The New York Times journalist asked me how I found the people being denounced on the photos or their relatives. That was not actually too difficult. Lhasa is not big, maybe 20 or 30 thousand people who were born in the 1950s. The total population counts hundreds of thousands, but more than half is made up of new immigrants. I am from Lhasa, even if I grew up in eastern Kham and went to university in Chinese areas. There are many of my parents’ relatives in Lhasa and I used to work at the Tibetan Literary and Arts Circle for over ten years, so I know many people. I started from the smallest circle, like relatives and colleagues. When they saw the photos, they would recognise many people from back then, tell me stories and then introduce me to the them. I did not interview many complete strangers and I did not show them the photos. I was afraid that if the local authorities found out about these photographs, it would cause trouble. So I only showed them to people I trusted.
I remember when a scholar researching Tibetan folklore saw the photos, both of his hands started trembling. At the beginning of the Cultural Revolution he was studying at the Shanghai Theatrical Institute. But many of his former classmates were on the group photo showing the smashing of the Jokhang Temple. He immediately called one of them and also another person whose father had been denounced as a “monster and demon”. They all provided me with many valuable accounts. For instance, the fact that the Red Guards from Lhasa Middle School went to smash the Jokhang Temple on instructions given by the TAR. When the student Red Guards were still performing a show on the prayer recital square, other Red Guards already started smashing the temple. “That day, the Jokhang Temple was only destroyed on the surface, people had simply thrown a few things down into the courtyard, where they remained for a while; it’s the mess we see on those photos.

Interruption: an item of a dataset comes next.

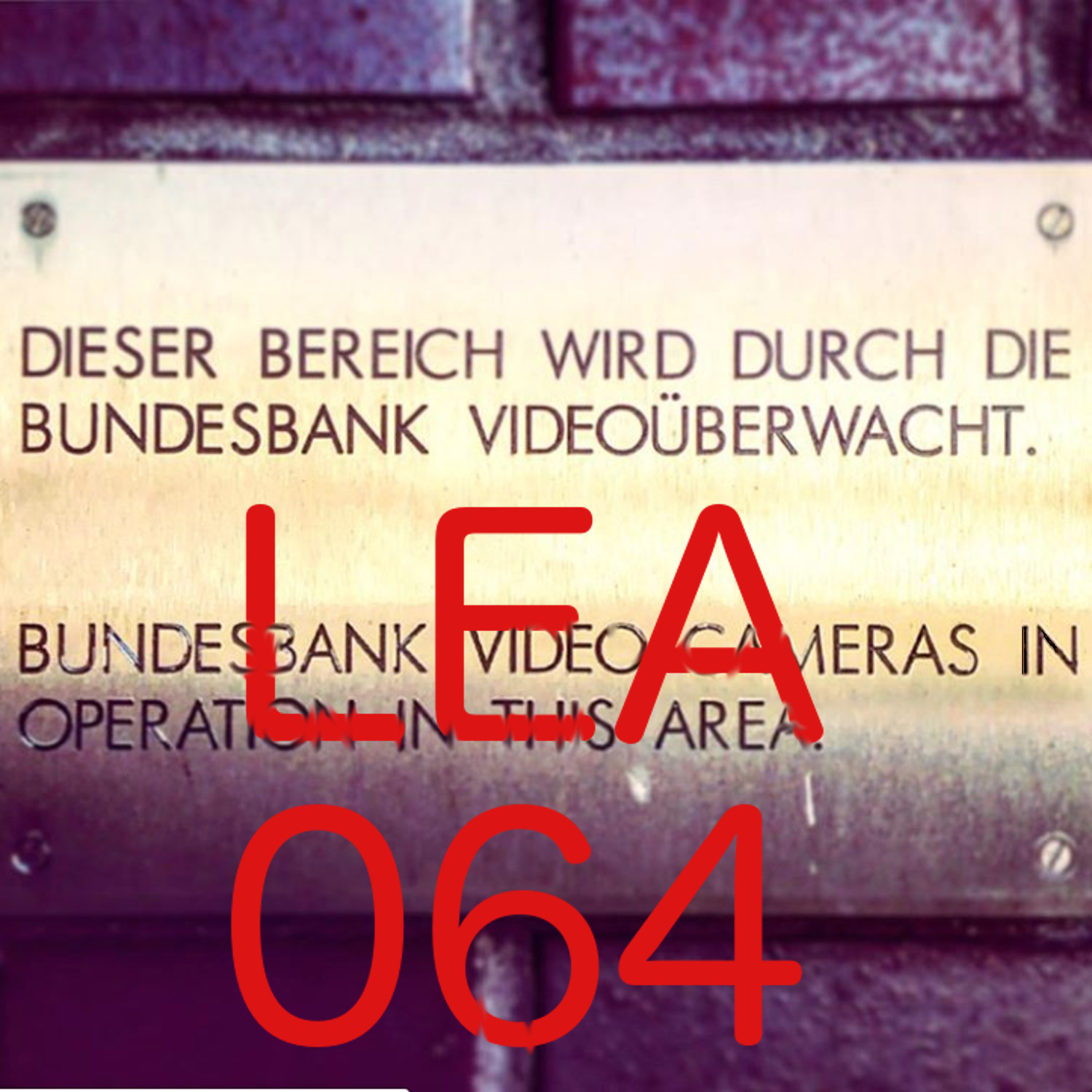 Last Exit Andernach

But not long after, they started to slowly clear out the entire temple. They cleaned for three months, took away all precious objects from within the temple. They first sorted the precious gold and silver things and then the copper and iron items; clay figures they did not want, so they simply threw those away.”
The folklorist had also kept a military hat of a female Red Guard that was shot by the PLA on June 7, 1968. It was completely bloodstained. He also had a red armband from a Lhasa Red Guard, a Tibetan newspaper printed by the “rebel faction” and a Mao Zedong badge. He let me take photos of all of the items. But while I was interviewing him, I could sense a certain emotion, it was that fear that none of my interviewees had yet been able to get rid of.
This is because in Tibet, the Cultural Revolution is a sensitive topic; it is still a taboo among officials and many implicated persons. This is also why I always visited my interviewees at their homes or in other secret places. As for my father’s photographs, I carried copies of the originals with me that Wang Lixiong had developed in Beijing. A friend once asked me why I did not film any of my interviews. Well, it was already difficult enough to get permission to record them or to even take a photo, so how could I have filmed? There was, for instance, one middle school teacher who was still a child back then who, after our interview, repeatedly warned me not to write that it was her who had recognised some of the zealots in the photos, “otherwise they will definitely take revenge”. When she said this sentence, I saw the fear in her eyes; it was that Cultural Revolution fear that still lingers on. Another interviewee said: “You can write this kind of book, because you didn’t experience it; We don’t dare to write it. There are certain things, if you write them down, they will just cause trouble. I am still afraid when I think back, but also need to be careful”. And so on. These statements were all first-hand information. I recorded all of them. And their fear also infected me, every time. I would also start feeling that fear. So each time I finished an interview I would not dare to do another one for some time.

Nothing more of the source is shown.